Rohando - Valencia College

Rohando Malcolm came to the United States with his family at a time of worldwide tumult during COVID-19. Malcolm migrated with his family to America in 2018, and he finished his degree in Mechanical Engineering from Kingston, Jamaica’s University of Technology in 2021. 

Finishing his degree after moving stateside was certainly a challenging experience, but the following year was even tougher due to COVID. As an unemployed graduate, Malcolm’s mom tried to nudge him into Valencia College’s CDL Class A course, but he had other ideas.

“One of my first jobs was working on cars as a mechanic from the age of 13. Then I went to high school, and I got involved in technical subjects, working with lathes, drill presses, and other tools. It became a hobby ever since.”

It has become more than a hobby as Malcolm has turned it into a full-fledged career. After more than a year of unemployment, Malcolm has begun working as a technician for tissue paper producer Sofidel America, making $27/hr after graduating from the Industrial Automation Technician – Mechatronics program.

It’s been a long journey to get to this point, though, and it’s one that Malcolm credits his training with the Valencia College Accelerated Skills program with putting him in a position to land his job.

“A lot of the things I learned in my degree were theories of how things work, and now seeing those things actually work opened my mind to new concepts. Seeing how things interact in a different way than I thought by just knowing the theoretical part from my degree makes me have a better grasp on how things work, how things go together, and how processes are actually performed.

“The training was exhilarating.
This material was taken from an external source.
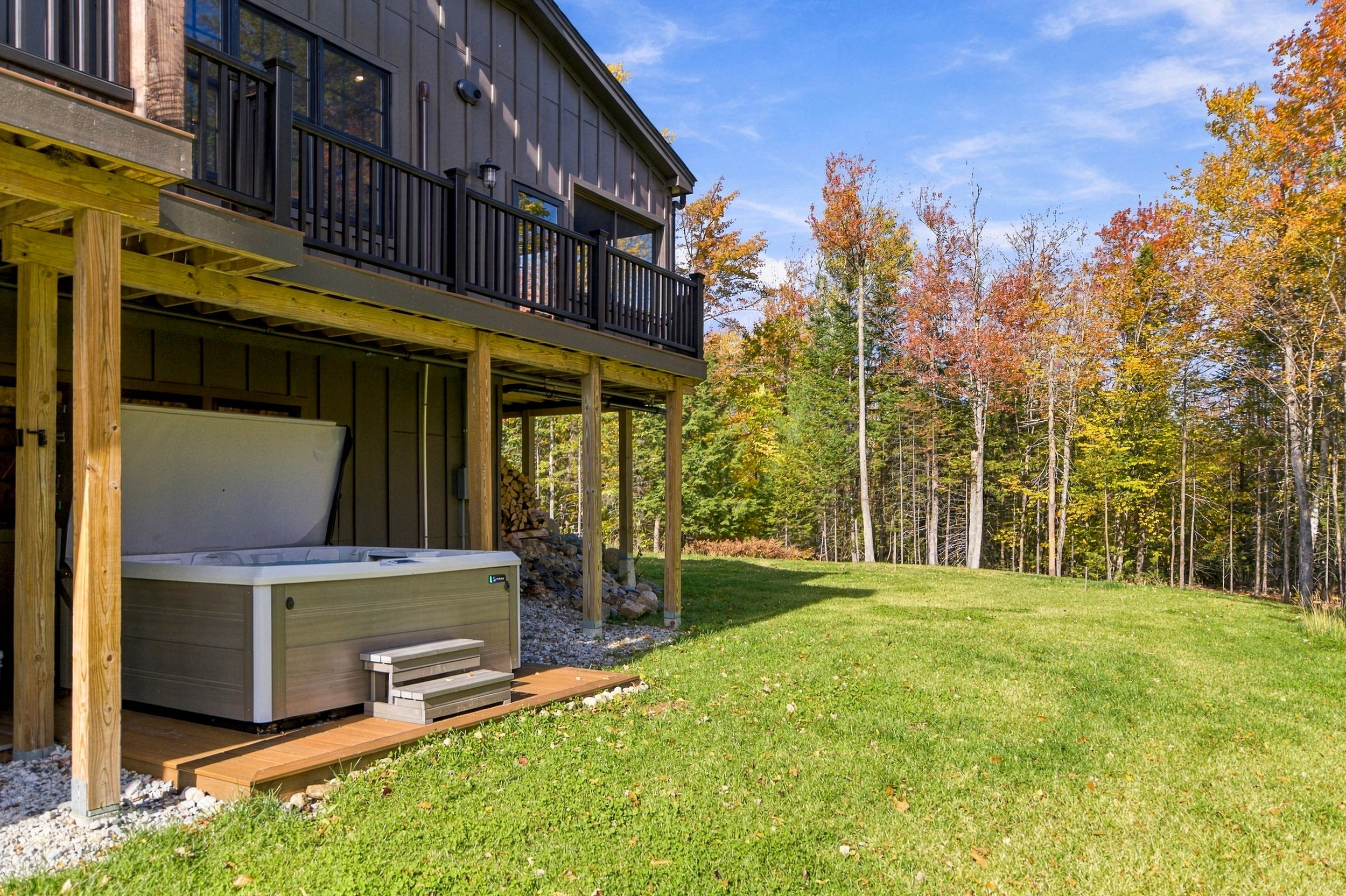 Enjoy the spacious 7-person hot tub surrounded by peaceful woodland scenery.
When I was working on my degree, I thought it was all boring. But after I started to work with electronics, machines, and mechanisms I thought this is something I can see myself doing.”

Enrolling in the Industrial Automation Technician – Mechatronics program was life-changing for Malcolm. But there was a barrier that needed to be breached for him to open the floodgates to his future. Metallica's foundation, All Within My Hands, broke down that barrier for Malcolm and was the wind at his back propelling him to Sofidel.

“It helped a lot, especially since I was unemployed for a year coming out of COVID. I wanted to do something to get me into this field and stand out. The funding was very important because I couldn’t have paid for it on my own. The scholarship opened that door.”